Russia Deploys Solar Powered Ambush Drones

Posted by David Hambling, Senior Contributor | 17 hours ago | /aerospace-defense, /business, /innovation, Aerospace & Defense, Business, Innovation, standard | Views: 9


Drone video from near the Dnipro bridge in Kherson region shows a Russian FPV with an unusual modification: a sheet of solar cells draped over the body. This is a clumsy setup using available materials, but it may be the first battlefield example of a new type of drone, one that can wait in ambush indefinitely.

An Upgrade For Ambush Drones

As we have seen, FPV attack drones are increasingly used for ambushes. The operator lands their FPV by the side of a track or on a rooftop and waits for possible targets, alerted either by a spotter drone or using the drone’s own camera. When one arrives, the drone takes off and goes in pursuit.

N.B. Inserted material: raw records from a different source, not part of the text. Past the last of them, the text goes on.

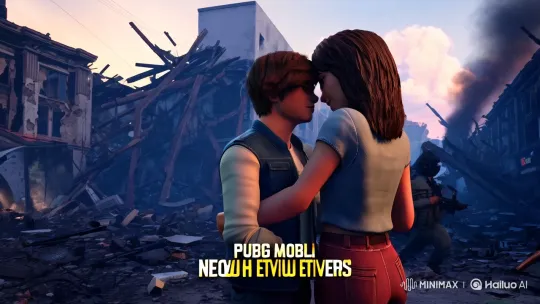 Intimate Moment Amidst PUBG Mobile's Chaos – AI Generated Video | Hailuo AI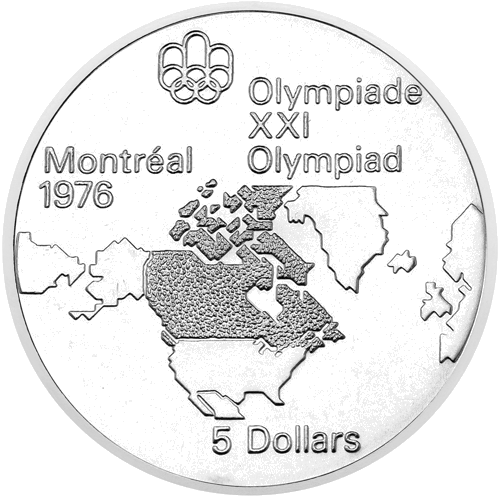 1973 Олимпийски игри Канада 5 долара сребърна монета (1)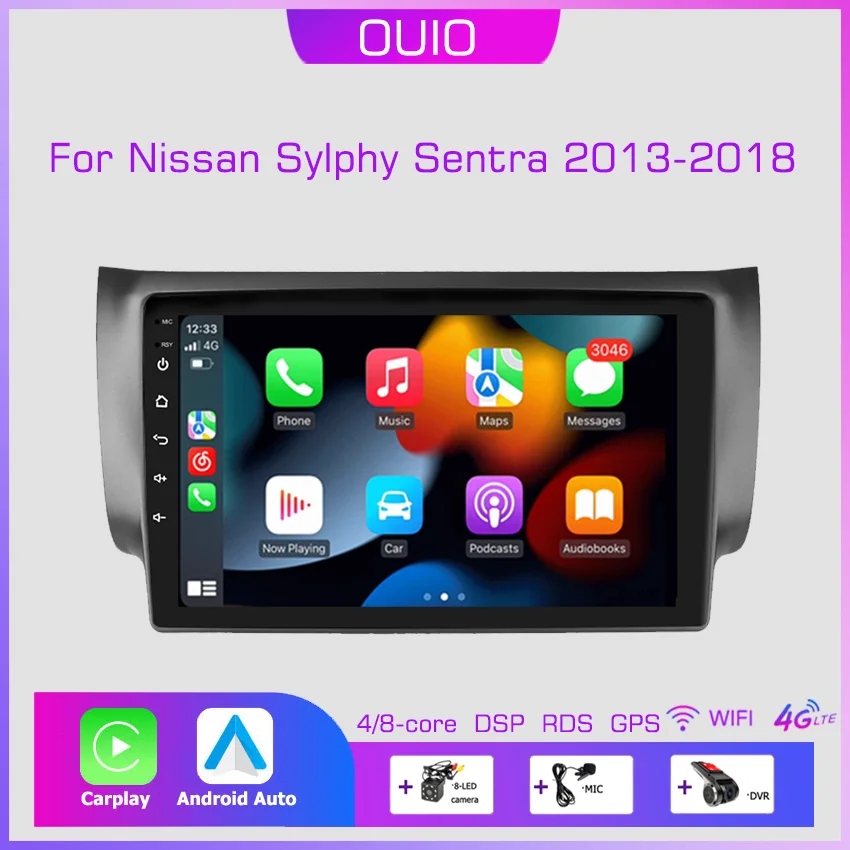 

8GB+128GB Android 13 radio For Nissan Sylphy B17 Sentra 12 2013-2018 Car stereo Multimedia Player Carplay Auto GPS Navigation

The latest ambush FPVs are equipped with landing legs or skids so they can see over grass or other vegetation while landed.

Fiber drones seem to be popular for ambush attacks, because the connection via a fiber optic cable uses less energy than maintaining video contact. This extends battery life so they can wait for longer.

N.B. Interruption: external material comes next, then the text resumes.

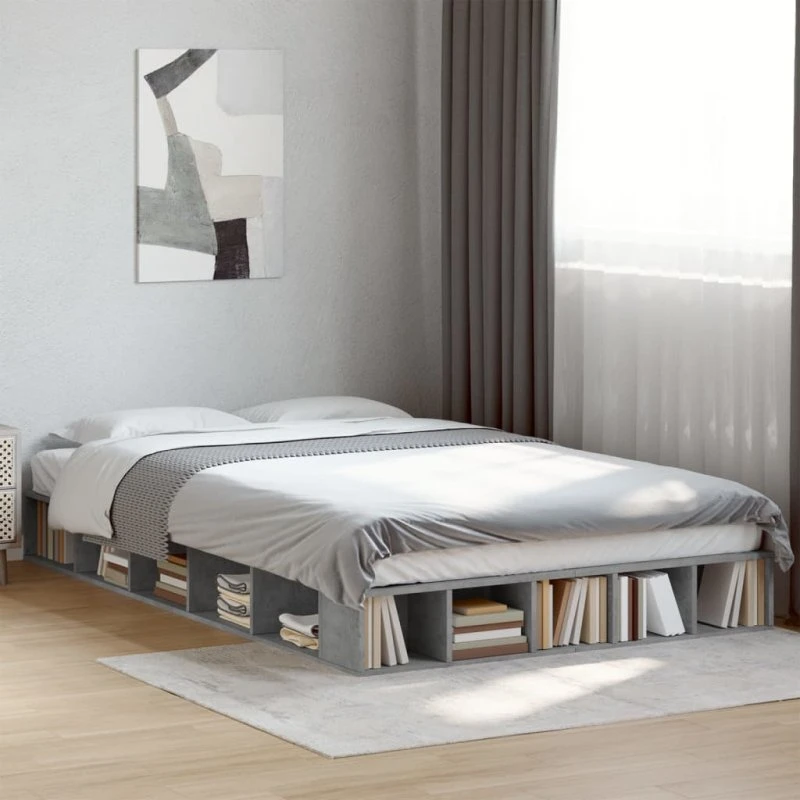Sengestel 135x190 cm i konstrueret træ – betongrå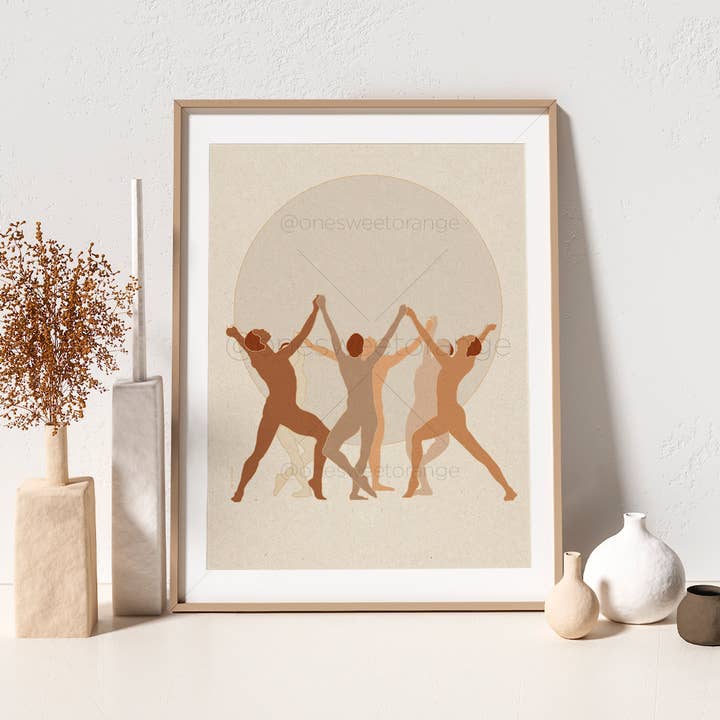 Dancers Sun Art Print Arte de pared Sun Dancers Print para venta al por mayor de Onesweetorange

The Russians have also described a version of the Joker FPV able to hibernate, going into a sleep mode for days or weeks before being activated. There are no confirmed sightings of these in the field.

Using solar power to keep the battery topped up potentially allows a drone to lie in ambush and watch for an extended, if not indefinite, period.

Solar Powered Lurkers

As OSINT analyst DanielR notes on a Twitter/X thread about the solar drone, there are a vast number of lightweight solar charging panels on the market. Carry one over your backpack and you can charge phones and other devices as you hike. They typically cost under $50, like this 5-watt unit weighing less than half a pound and are easily small enough to fit on a drone.

Such a unit should yield 15-45 watt-hours of energy per day, though this is wildly variable depending on conditions. An FPV may consume more than 100 Watts while flying, on the ground it may require as little as 7 Watt-hours per day so the solar charger can maintain it indefinitely in dormant mode. Keeping the camera and other electronics on will take 5 Watts or so, so a drone can stay ‘awake’ for as long as the sun shines.

That may be the intention here.

“Using it to charge the battery is troublesome given the voltages involved,” DanielR told me. “Instead, it’s probably just connected to the 5-volt bus, which powers VTX and camera, without any additional circuitry.”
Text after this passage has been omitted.